Many tour companies had prepared themselves for a lull in visitors around presidential elections in March 2013. During the country’s last election in 2007, Kenya erupted when disputed results favoring then-incumbent president Mwai Kibaki led to ethnic fighting that killed more than 1,100 people. Last year’s poll passed relatively peacefully, but the cutbacks tour companies made in anticipation of a downturn helped them survive after the Westgate attacks.
“When the recent violence started, they were still in that protected state and hadn’t extended themselves too far,” Cahill says. “They were in a good position for something like this to happen, but if it continues for too much longer, we’ll definitely be seeing more companies go under.”
Other travel companies are more optimistic. Jessica Brida of Micada Safaris reports “business as usual.” She says seasoned travelers interested in visiting Kenya are still able to have a peaceful vacation.
“I think it’s important for people to understand there’s been an orange alert on New York City since 9/11,” Brida says. “[Tourists] understand the geography, understand the situation, and make a decision based on that.”
“Kenya is a very large country — it’s the size of France,” Brida added. “Not all regions are affected.”
The region most affected by the attacks, Kenya’s northeast, has long been ignored by the government. Healthcare, roads and electricity all lag many other parts of the country.

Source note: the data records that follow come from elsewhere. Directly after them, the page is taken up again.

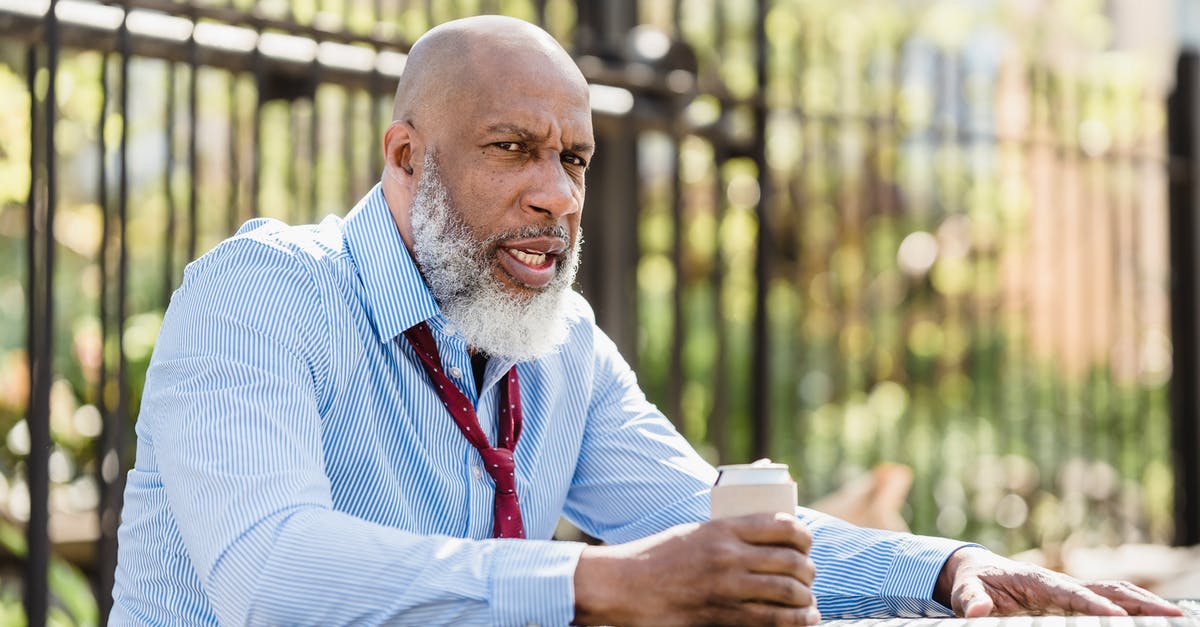 Can I replicate these Cafe Noir cookies? - Sullen black man sitting at table with drink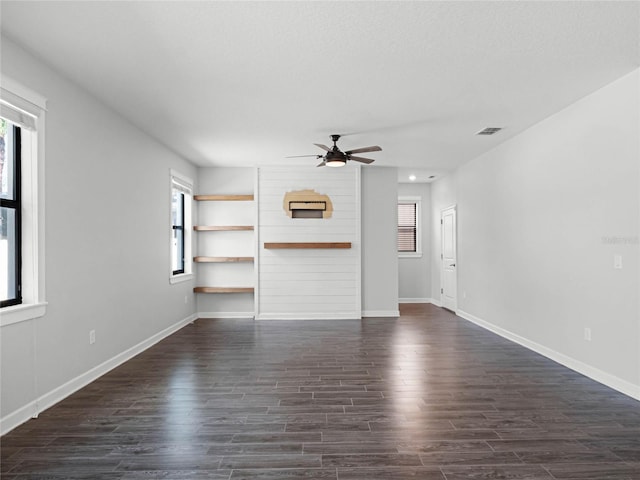 unfurnished living room featuring dark hardwood / wood-style floors and ceiling fan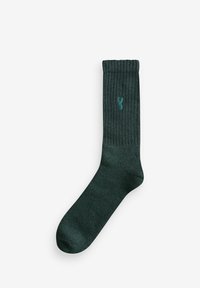 Grüne gerippte Socke aus weichem Material. Verfügt über einen glatten Zehenbereich und ein gesticktes Logo nahe dem Bund.
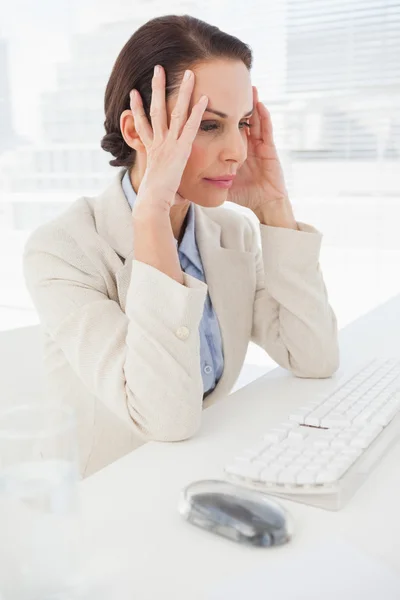 Businesswoman grasping head — Stock Photo, Image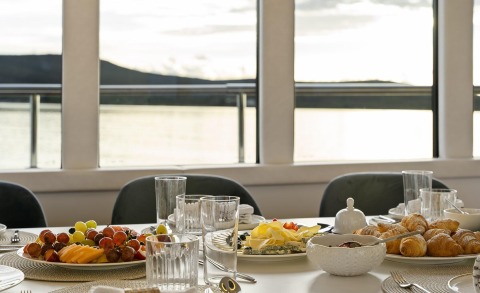 Breakfast spread with croissants on a dining table inside a yacht salon, large windows with a view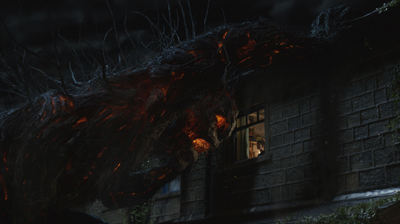 A massive, dark, fibrous creature with glowing orange highlights looms over a stone house at night.
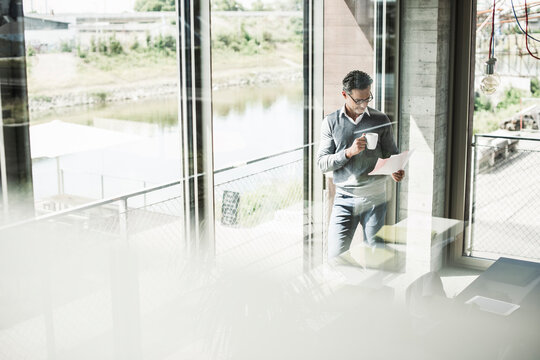 Businessman with coffee mug looking at documents in an office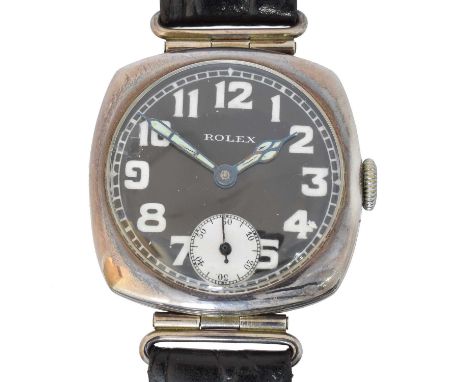 A 1920s silver Rolex wristwatch,  A 1920s silver Rolex wristwatch, the black circular signed dial with arabic markers, subsid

Misiko, of The Daily Nation, says al-Shabaab is strategically targeting it as the “soft belly of Kenya.” Tourism, the one industry that managed to succeed in the region, is now struggling to stay afloat.
“Hotels don’t have bookings,” Misiko says, noting that many are recording as low as 30 percent occupancy rates in what should be high season. “But it’s not just a lack of business and a lack of bookings — workers have to go home and then unemployment goes up.”
Despite the instability, Jones, the Australian tourist, vows to press ahead with her trip even if the rest of her family drops out. “I’ve seen many documentaries on Kenya and the fact is this is where you’ll find more of the animals,” she says.
For Kenya’s tour operators, convincing those less determined than Jones to visit will be key to a recovery.
“It becomes, ‘Why would I travel to Kenya when I could have a similar experience elsewhere?’” says Cahill. “For someone who just wants to go to Africa, usually Tanzania and South Africa are the two easier options.”